### RECORDS SHOWN

>>>>>

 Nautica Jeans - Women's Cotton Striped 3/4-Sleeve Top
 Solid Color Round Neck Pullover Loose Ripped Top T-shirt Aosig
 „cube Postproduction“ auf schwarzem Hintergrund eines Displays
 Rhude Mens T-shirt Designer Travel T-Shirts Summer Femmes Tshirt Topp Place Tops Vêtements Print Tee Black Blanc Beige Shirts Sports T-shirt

<<<<<
>>>>>

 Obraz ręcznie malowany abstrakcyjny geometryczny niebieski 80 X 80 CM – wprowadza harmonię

<<<<<
>>>>>

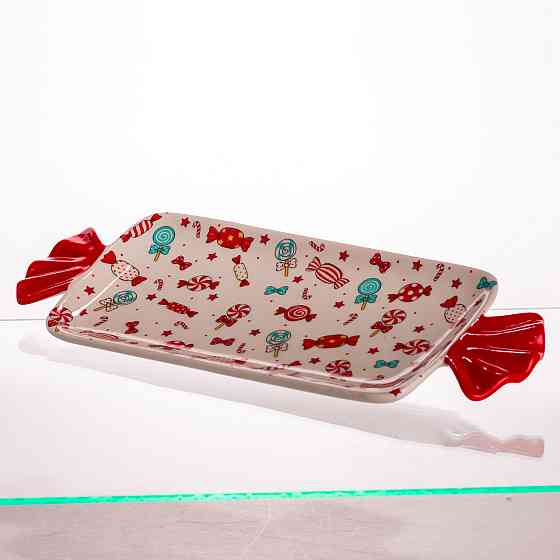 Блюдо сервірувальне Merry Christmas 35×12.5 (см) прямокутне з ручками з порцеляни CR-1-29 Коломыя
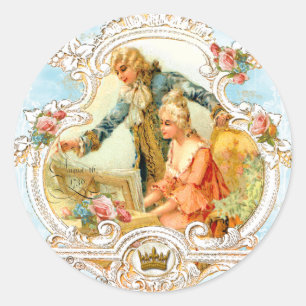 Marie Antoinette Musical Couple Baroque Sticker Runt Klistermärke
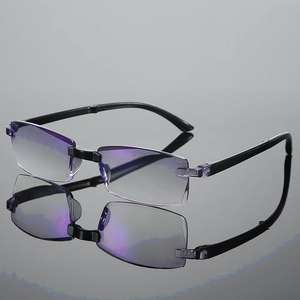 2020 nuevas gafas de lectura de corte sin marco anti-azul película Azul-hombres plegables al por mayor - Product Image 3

<<<<<

### PROMPT
Out of the data above, give again only the lines starting at the one holding "Nautica Jeans - Women's" and ending at the one holding "Rhude Mens T-shirt", unchanged.

### TASK SOLUTION
 Nautica Jeans - Women's Cotton Striped 3/4-Sleeve Top
 Solid Color Round Neck Pullover Loose Ripped Top T-shirt Aosig
 „cube Postproduction“ auf schwarzem Hintergrund eines Displays
 Rhude Mens T-shirt Designer Travel T-Shirts Summer Femmes Tshirt Topp Place Tops Vêtements Print Tee Black Blanc Beige Shirts Sports T-shirt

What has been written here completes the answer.